Working data Block Start
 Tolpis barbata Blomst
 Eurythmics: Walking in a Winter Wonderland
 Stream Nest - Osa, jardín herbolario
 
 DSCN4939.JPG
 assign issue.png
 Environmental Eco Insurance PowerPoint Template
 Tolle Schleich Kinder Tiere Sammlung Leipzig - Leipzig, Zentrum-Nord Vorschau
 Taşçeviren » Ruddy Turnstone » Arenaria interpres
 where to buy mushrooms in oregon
Working data Block End
Working data Block Start
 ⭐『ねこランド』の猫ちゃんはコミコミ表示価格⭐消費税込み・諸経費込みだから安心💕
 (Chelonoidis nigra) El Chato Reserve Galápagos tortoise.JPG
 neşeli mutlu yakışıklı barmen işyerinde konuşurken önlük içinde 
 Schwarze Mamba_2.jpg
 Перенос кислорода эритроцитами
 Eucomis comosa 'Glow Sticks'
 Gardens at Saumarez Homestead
Working data Block End
- [Exercise details]: The required output is every line above from the one with "(Chelonoidis nigra) El" down to the one with "Gardens at Saumarez Homestead", restated word for word, ends included.

- [Answer for this exercise]:
 (Chelonoidis nigra) El Chato Reserve Galápagos tortoise.JPG
 neşeli mutlu yakışıklı barmen işyerinde konuşurken önlük içinde 
 Schwarze Mamba_2.jpg
 Перенос кислорода эритроцитами
 Eucomis comosa 'Glow Sticks'
 Gardens at Saumarez Homestead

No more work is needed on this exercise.